If the driver has a passenger, well, that’s collateral damage. And there is still the possibility the City will choose to see it her way. Hope, the thing with feathers.
Khan from Surrey: “My tomato plants have bites on them. Very little teeth. You think a big bug with a large mouth or a mice with a small mouth?”
The Gardening Dame: “Tell me, Khan, are you the kind of man who might tie his wife to a chair with gardening twine and set her on fire?”
MEAN LOOK
It feels great, this violent disgorging from the earth, the recovering terrorist thinks as she tears up blood grass by the roots with her bare hands. Her husband and son are off somewhere with The Hound. Next door there’s the conscientious whirring click of a push mower. Across the street kids screech in someone’s backyard as they get hosed down-yelling No! when they mean Yes! In the distance a train groaning through the cut, sirens, an ice-cream truck, crows. Summer in the city.

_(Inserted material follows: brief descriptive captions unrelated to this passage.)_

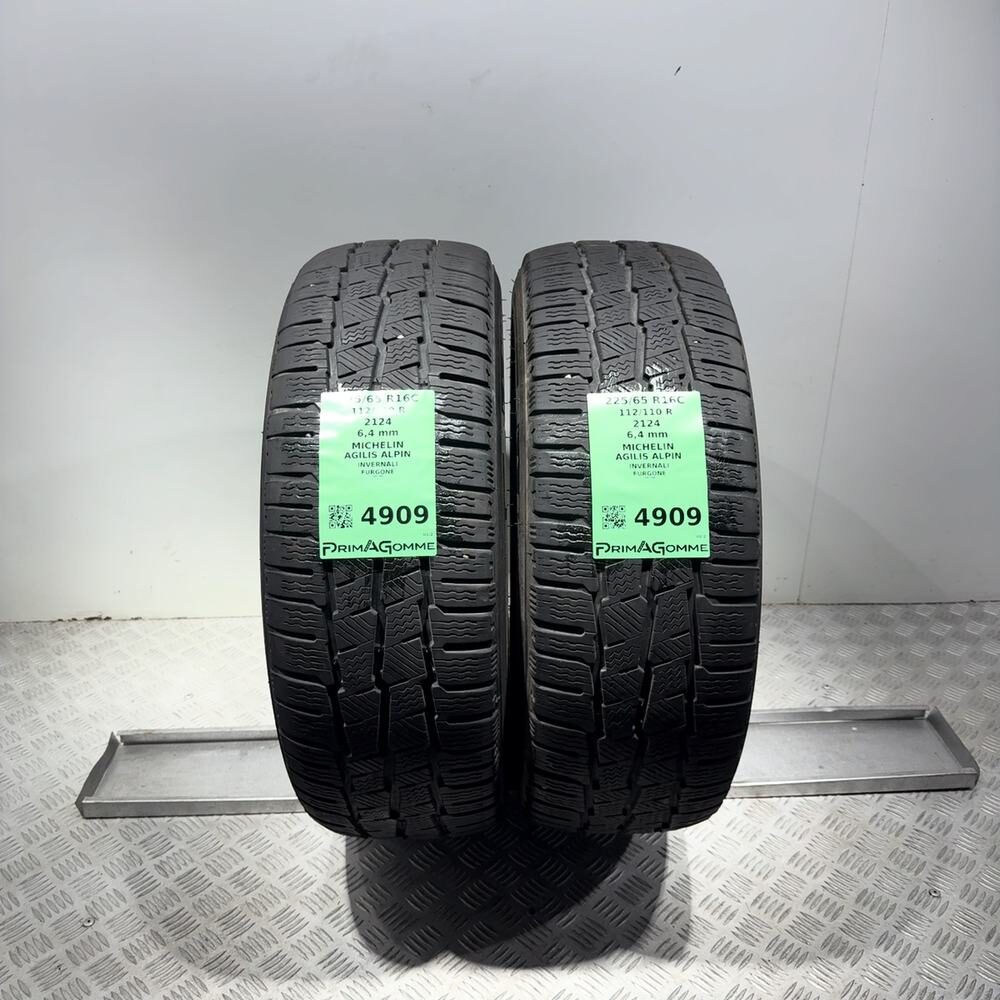 Gomme Usate 225 65 R16C 112/110R Michelin Agilis Alpin 91% Invernali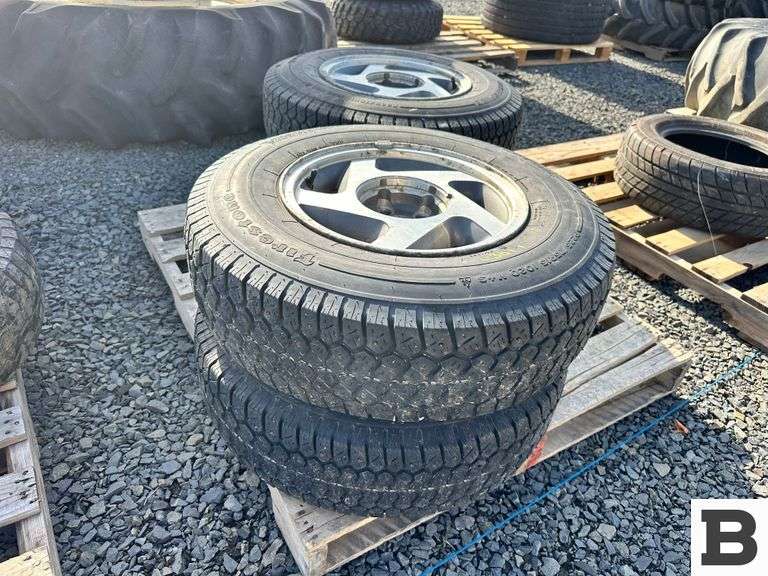 Firestone P225/75R15 Tires & Rims - Booker Auction Company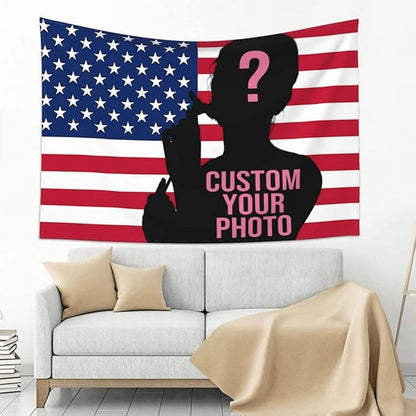 Custom Flag Tapestry Add Your Own Tapestry Custom Tapestry Wedding Backdrop Decoration Wall 60x40 Tapestry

“We all missed you at group on Wednesday.” Dieter squats beside her, his face so close she can see that his glasses are steaming up from the heat.
If this were a movie her next line would be: What the %ˆ*%$ are you doing here!? But she just shakily stands as the chasm separating her two lives buckles, a cave-in of the Grand Canyon, burros with scratchy blankets on their backs scrambling for their lives, tourists wailing before clods of red earth pack mouths, ears, nostrils-sensory deprivation before oblivion.
“This has gone too far,” Dieter says. No, it hasn’t, Lucy thinks, not far enough. She could strike out with both hands, fury swipe, poison jab. “You don’t even know who I am,” she says instead.
“You are a bitch. You know that, right?” His eyes brim behind those distorting lenses. What did children call him at school? Four-eyes? Froggy? Fag? Did anyone recover from the nastiness of schoolyard taunts? Did he ever think about blowing up his tormentors? No, Dieter was a purist. He believed in causes, not himself. He believed in people .
Then there’s Houndoom launching herself at Dieter, Foster straining at the other end of the leash. She introduces Dieter as a member of her book club. “Just checkin’ out the ’hood,” he tells Bruno, his eyes skittering like tropical fish.
Afterwards, Bruno says, “‘Just checkin’ out the ’hood?’”
“He’s usually more articulate,” Lucy tells him. “His German heritage, you know. All those million-dollar words.”
“If he wasn’t so obviously gay, I’d say that looked liked a lover’s quarrel.”
Foster squeezes between them, panic in his voice: “Hey, Mom! I just noticed Houndoom doesn’t have any balls !”
If Hope is the thing with feathers (a sentiment that always puts Lucy in mind of the white feather floating through the treacle Forrest of that Tom Hanks movie), then what is Faith? Surely a thing with nasty thorns. Those who clutch at it remain bloodied but unbowed. Unlike so many in her circle-if you could call it a circle -she doesn’t mock the faithful. Not after seeing what faith could do.